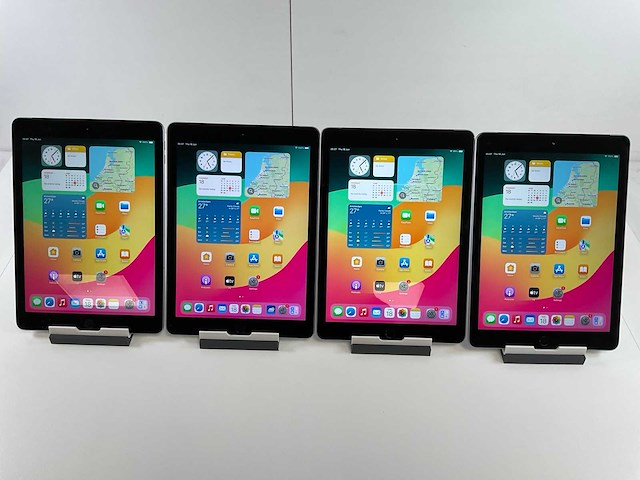 Apple ipad 6th gen 9.7” - wifi + cellular - 32 gb - space gray (4x) - afbeelding 1 van  5
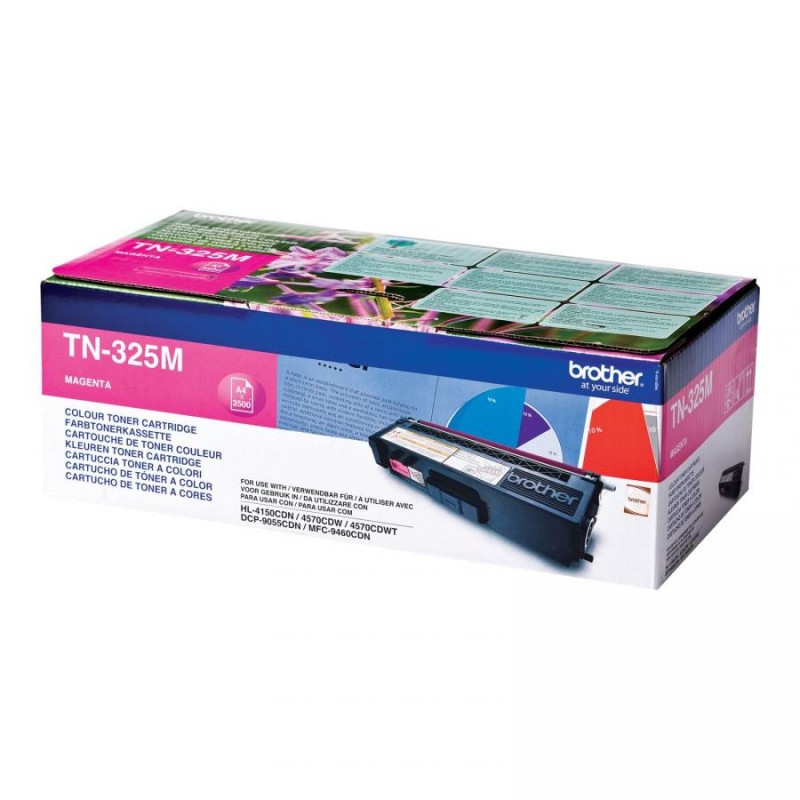 TN-325M - TONER ORIGINALE MAGENTA HL 4570 CDW, 4150 CDN.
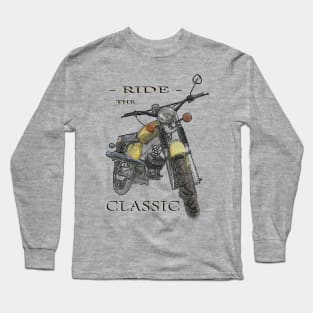 gdr bike - simson enduro Long Sleeve T-Shirt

» **WORK TO COMPLETE**
Starting with the line that contains "TN-325M - TONER", give the lines again exactly as they appear through the last line of the data, pictures excluded.

» **ANSWER TO THE PROBLEM**
 TN-325M - TONER ORIGINALE MAGENTA HL 4570 CDW, 4150 CDN.
 gdr bike - simson enduro Long Sleeve T-Shirt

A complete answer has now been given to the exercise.